Alan Weiss (born 1946) is an American entrepreneur, author, and public speaker.

==Early life==
Alan Weiss was born in Union City, New Jersey in 1946. He spent his childhood in Union City, New Jersey, and graduated from Emerson High School in 1964. He received degrees in political science from Rutgers University, where he was elected to the National Political Science Association Honor Society, and from Montclair State University. He was an award-winning editor-in-chief at Rutgers' newspaper, The Observer, winning eight awards including first place in editorial writing in the New Jersey Collegiate Press Association competition.

Weiss joined Prudential Insurance in 1968 and was recruited by the Princeton consulting firm, Kepner-Tregoe, in 1972. In his 11-year career with the consulting firm, he went on to run the Asian, Latin American, and North American Divisions. He was recruited in 1983 to become president of Walter V. Clarke Associates, a behavioral consulting firm in Providence, Rhode Island.

== Business ventures ==
Weiss formed the Summit Consulting Group, Inc. in 1985, specializing in human and organizational performance. Clients for the consulting group include Merck, Hewlett-Packard, JP Morgan Chase, Bank of America, Allianz Insurance, The New York Times Company, Mercedes-Benz and Toyota. Additionally, Weiss launched a professional speaking career that has taken him to 60 countries.

Weiss has held a position as an adjunct professor at the University of Rhode Island on strategy and consulting, and has been a visiting lecturer at Georgia University's Graduate School of Business, Case Western Reserve, Boston College, Tufts, the Institute of Management Studies, and the University of Illinois.

== Honors and awards ==
Weiss has received the Lifetime Achievement Award from the American Press Institute, one of only seven people in their history and the sole non-journalist honored.

The Institute of Management Consultants has recognized him as a Certified Management Consultant and has named him a Fellow of the Institute.

The National Speakers Association has recognized him as a Certified Speaking Professional (CSP) and has elected him to their Speakers Hall of Fame, making him one of only two people in history to be honored by both the IMC as a Fellow and NSA as a Hall of Fame member.
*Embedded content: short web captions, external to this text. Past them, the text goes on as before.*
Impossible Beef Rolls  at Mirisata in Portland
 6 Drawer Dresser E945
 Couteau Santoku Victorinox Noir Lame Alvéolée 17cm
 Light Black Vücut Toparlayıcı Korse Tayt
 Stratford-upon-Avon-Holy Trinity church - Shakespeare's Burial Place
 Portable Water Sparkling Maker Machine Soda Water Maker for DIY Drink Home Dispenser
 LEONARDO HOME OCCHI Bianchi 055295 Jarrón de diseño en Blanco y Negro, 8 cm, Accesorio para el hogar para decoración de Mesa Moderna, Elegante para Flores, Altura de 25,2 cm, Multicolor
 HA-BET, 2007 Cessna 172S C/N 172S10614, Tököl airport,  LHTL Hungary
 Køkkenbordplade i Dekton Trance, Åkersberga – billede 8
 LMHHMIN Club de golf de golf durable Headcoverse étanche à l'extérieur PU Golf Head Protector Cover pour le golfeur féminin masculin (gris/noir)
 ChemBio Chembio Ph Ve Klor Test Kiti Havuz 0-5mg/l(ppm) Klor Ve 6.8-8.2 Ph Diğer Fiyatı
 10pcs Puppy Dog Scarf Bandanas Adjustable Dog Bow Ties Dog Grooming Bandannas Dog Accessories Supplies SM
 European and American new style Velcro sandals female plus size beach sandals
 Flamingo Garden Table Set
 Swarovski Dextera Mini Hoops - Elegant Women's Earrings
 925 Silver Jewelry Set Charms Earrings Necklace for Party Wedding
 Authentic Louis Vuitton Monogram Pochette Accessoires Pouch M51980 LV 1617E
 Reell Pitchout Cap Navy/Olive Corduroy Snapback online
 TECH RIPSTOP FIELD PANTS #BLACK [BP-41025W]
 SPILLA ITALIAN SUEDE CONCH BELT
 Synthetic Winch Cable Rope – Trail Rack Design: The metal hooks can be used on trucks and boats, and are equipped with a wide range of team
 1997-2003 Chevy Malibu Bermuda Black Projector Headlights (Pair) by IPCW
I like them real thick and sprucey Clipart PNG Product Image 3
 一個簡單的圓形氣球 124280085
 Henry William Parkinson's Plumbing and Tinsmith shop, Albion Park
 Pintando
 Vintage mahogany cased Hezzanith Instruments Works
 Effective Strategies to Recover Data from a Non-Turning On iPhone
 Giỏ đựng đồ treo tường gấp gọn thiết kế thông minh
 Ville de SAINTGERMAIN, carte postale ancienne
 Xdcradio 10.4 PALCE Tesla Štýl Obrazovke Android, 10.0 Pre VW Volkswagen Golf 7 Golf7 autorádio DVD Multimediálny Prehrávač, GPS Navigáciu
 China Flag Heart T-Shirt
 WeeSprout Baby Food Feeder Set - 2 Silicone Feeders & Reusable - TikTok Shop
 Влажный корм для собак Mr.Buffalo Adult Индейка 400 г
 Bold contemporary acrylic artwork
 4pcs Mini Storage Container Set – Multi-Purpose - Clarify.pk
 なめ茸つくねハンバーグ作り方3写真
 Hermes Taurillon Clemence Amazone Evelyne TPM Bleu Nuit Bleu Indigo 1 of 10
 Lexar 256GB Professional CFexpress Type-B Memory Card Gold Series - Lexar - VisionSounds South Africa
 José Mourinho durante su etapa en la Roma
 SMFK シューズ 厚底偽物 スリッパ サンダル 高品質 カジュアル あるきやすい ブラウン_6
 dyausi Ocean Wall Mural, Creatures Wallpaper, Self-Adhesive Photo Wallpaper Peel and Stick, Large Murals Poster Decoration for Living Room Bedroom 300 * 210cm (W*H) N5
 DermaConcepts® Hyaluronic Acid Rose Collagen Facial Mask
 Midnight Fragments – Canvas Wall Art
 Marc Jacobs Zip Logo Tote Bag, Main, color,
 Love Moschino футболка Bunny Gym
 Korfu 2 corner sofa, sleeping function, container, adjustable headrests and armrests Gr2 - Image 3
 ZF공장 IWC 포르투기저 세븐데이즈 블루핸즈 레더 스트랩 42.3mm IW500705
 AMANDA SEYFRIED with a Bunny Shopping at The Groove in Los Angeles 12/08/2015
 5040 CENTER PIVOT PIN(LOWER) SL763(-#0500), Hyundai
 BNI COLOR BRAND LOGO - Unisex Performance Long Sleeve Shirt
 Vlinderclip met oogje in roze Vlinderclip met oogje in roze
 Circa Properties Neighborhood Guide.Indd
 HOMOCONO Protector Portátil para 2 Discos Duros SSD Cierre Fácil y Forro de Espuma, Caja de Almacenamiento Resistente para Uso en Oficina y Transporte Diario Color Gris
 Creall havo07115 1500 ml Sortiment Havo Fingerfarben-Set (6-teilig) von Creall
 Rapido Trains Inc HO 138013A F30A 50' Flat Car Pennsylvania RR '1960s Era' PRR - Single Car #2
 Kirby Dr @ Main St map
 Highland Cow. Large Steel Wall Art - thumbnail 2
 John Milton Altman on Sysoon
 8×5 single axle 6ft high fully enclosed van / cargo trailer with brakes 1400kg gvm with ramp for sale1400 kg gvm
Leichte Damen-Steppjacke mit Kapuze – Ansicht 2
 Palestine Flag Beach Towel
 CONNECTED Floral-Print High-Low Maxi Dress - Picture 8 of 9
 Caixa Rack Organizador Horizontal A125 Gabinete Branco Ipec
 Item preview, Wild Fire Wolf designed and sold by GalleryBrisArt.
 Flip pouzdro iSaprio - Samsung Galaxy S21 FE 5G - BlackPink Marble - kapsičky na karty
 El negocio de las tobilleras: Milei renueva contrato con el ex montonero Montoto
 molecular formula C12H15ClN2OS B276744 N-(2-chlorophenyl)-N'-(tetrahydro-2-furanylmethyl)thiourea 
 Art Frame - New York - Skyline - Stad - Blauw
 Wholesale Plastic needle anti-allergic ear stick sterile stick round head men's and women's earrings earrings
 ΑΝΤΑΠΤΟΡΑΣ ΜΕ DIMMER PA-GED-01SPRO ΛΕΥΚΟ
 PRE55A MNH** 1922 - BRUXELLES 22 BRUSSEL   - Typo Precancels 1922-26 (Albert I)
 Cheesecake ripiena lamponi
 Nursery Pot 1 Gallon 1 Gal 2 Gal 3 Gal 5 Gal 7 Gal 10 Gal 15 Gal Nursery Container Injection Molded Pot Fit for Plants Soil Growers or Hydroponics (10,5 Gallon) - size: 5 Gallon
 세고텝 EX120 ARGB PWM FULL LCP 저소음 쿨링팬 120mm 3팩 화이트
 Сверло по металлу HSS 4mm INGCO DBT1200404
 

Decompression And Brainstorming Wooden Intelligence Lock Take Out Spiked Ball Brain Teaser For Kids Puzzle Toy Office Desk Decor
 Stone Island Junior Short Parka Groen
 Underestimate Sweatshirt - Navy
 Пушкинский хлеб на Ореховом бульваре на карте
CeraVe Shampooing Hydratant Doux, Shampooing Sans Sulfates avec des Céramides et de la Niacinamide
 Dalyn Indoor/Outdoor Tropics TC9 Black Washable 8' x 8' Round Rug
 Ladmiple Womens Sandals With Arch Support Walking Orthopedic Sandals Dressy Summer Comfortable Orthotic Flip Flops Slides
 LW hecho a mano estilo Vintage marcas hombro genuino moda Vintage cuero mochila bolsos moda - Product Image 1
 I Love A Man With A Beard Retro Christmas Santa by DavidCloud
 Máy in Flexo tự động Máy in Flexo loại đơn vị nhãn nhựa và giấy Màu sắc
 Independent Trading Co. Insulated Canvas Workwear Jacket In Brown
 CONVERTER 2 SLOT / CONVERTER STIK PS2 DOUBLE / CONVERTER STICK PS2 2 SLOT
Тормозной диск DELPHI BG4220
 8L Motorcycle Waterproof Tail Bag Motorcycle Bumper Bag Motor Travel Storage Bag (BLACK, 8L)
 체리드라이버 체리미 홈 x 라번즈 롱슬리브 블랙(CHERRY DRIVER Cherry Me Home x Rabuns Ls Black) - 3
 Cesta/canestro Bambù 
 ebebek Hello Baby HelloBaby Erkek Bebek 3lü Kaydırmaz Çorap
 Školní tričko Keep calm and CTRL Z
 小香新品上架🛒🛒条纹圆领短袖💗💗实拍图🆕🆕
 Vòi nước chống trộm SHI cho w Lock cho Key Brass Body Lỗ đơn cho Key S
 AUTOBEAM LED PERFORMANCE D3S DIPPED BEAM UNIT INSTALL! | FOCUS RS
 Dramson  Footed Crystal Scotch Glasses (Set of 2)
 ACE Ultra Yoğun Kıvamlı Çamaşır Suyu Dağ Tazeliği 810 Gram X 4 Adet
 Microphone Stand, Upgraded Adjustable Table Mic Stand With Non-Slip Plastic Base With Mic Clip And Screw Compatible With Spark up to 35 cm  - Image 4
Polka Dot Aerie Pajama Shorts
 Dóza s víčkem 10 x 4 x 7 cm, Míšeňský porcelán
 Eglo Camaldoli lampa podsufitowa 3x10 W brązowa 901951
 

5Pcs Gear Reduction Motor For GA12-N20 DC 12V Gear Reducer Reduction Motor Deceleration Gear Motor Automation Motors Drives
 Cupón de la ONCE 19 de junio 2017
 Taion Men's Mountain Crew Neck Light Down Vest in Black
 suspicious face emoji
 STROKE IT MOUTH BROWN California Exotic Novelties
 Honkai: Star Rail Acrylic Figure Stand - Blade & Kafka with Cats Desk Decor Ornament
Weiss has a non-traditional PhD in Organizational Psychology from California Coast University.

He has served as Chair of the Newport International Film Festival, and on the boards of Trinity Repertory Company, Festival Ballet, and Harvard University's Center for Mental Health and the Media.

He is a recipient of the Axiom Award for excellence in audio presentation.

== Publishing ==
As of April 2017, Weiss has published 64 books on consulting. His books have appeared on the curricula of the Wharton School of Business, Temple University, and Villanova University.

His best-seller, Million Dollar Consulting (McGraw-Hill) has been through five editions over 25 years. His books currently appear in 12 languages.

=== Bibliography ===
Weiss, Alan (1988). "The Innovation Formula: How Organizations Turn Change Into Opportunity (with Michael Robert)"

Weiss, Alan (1989). "Managing for Peak Performance: A Guide to the Power (and Pitfalls) of Personal Style"

Weiss, Alan (1992). "Million Dollar Consulting: The Professional Guide to Growing a Practice"

Weiss, Alan (1994). "Best Laid Plans: Turning Strategy into Action Throughout Your Organization"

Weiss, Alan (1995). "Our Emperors Have No Clothes"

Weiss, Alan (1997). "Money Talks"

Weiss, Alan (2000). "Good Enough Isn't Enough: Nine Challenges for Companies That Choose to Be Great"

Weiss, Alan (2000). "How to Market, Establish a Brand, and Sell Professional Services"

Weiss, Alan (2000). "Getting Started in Consulting"

Weiss, Alan (2000). "The Great Big Book of Process Visuals: Give Me a Double Axis Chart and I Can Rule the World"

Weiss, Alan (2000). "The Unofficial Guide to Power Managing"

Weiss, Alan (2001). "How to Establish a Unique Brand in the Consulting Profession: Powerful Techniques for the Successful Practitioner"

Weiss, Alan (2001). "The Ultimate Consultant: Powerful Techniques for the Successful Practitioner"

Weiss, Alan (2002). "Great Consulting Challenges: And How to Surmount Them"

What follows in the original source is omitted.